Wednesday, November 27, 2013

Why traditional diversification is ‘downright dangerous’

Just was an article on CNBC.com and couldn't believe the title:



That is probably going to cost them some advertisers but a lot of the article actually make sense.  They quote Burton Malkiel, who wrote a random walk down Wall Street, which is basically the desk reference guide of the index and buy and hold crowd, as saying that because of what is likely to happen to bonds that the 60/40 portfolio is now dangerous.  

The only thing I take exception to in the article is this quote:

Any norm at all ignores another fundamental investing precept—that your allocation needs to change to suit your personality and stage of life—a more important concept now than 70 years ago, because people live longer and plan their own retirements.
Markets don't care about your personality or stage of life.  Your allocation should change based on the trends in the markets.

Saturday, November 23, 2013

A Broken Clock is Right Twice a Day

The Wall Street Journal had a story this morning about how stock market strategists are taking a cautious approach going into 2014.  That would matter if they could actually predict the market, which they can't.  From the story:

Wall Street strategists have a reputation for being stock-market cheerleaders, helping to boost sales of stocks at their brokerage firms. Since 2000, stocks have returned an average annual gain of 3.3%, well below the 10% predicted by strategists. And in every year they have predicted stocks would rise, missing all four down years. 
At the same time, however, stocks have outpaced analyst forecasts in seven of those years, with one year, 2005, in which forecasts essentially hit the nail on the head.

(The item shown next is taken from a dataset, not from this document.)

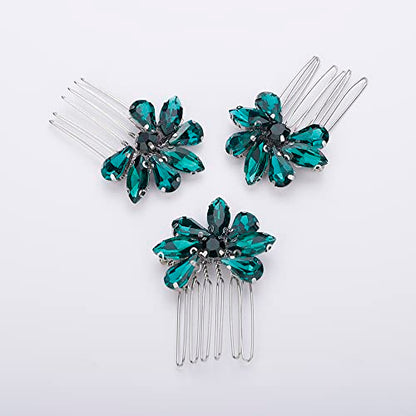 Teyglen Simple Rhinestones Crystal Bride Wedding Hair Comb Set Handmade Red Green Black Crystal Side Hair Combs Bridal Hair Jewelry Set for Women Bride Girls (Malachite Green) - color: Malachite Green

So, they missed all the down years and only really got it right in 1 of 10 years, a .100 batting average.  What about this year?

 Strategists had started off 2013 calling for a moderate rise in stocks, although the forecasts were for a better one than they are now expecting for 2014. At the beginning of 2013, the average forecast from strategists at 15 banks was for a 7.7% gain, which would have left the index at 1532, according to Birinyi.
Not even close.

Friday, November 22, 2013

Smart Beta

With the ever increasing popularity of ETFs it is not surprise that we are starting to see a whole new class of index products that are differentiated from the basic indexes that we are all used to, like the S&P 500.   Traditionally indices have been market cap weighted, meaning larger companies will have a larger allocation in the index.  I am sure there is a reason that indices started as market cap weighted, I just don't know what it is.  There is no rule that this is a better way, it just is what it is.   Now we are starting to see more and more "smart beta" products.  These ETFs slice and dice indices in a bunch of different ways, for example some equally weight all stocks in the index, others focus on low beta stocks, others focus on high beta stocks.  All will claim that their way is better than the standard market cap weighted index.  Maybe they are but a few things you need to be aware of in evaluating these products:

1. Wall Street lives on continual money in motion and continual selling of new products.  Once something becomes commoditized, like market cap weighted index funds (we don't need another S&P 500 ETF or another Russel 200 ETF for example) then Wall Street will come out with a new twist, not always based on what is better, but based on what it can sell.

2. We have tons of history through different market cycles on market cap weighted indices, we don't have it on smart beta.  Most of these products are developed through backtesting, which there is nothing wrong with, but done the wrong way can result in curve fitting (basically blindly finding something that beat market cap indices in the past and just assuming it will in the future).

We use some of these products and will continue to evaluate others so I do believe that they add some value to the current investment landscape, but just like with everything Wall Street comes out with investors need to tread with caution and do their homework.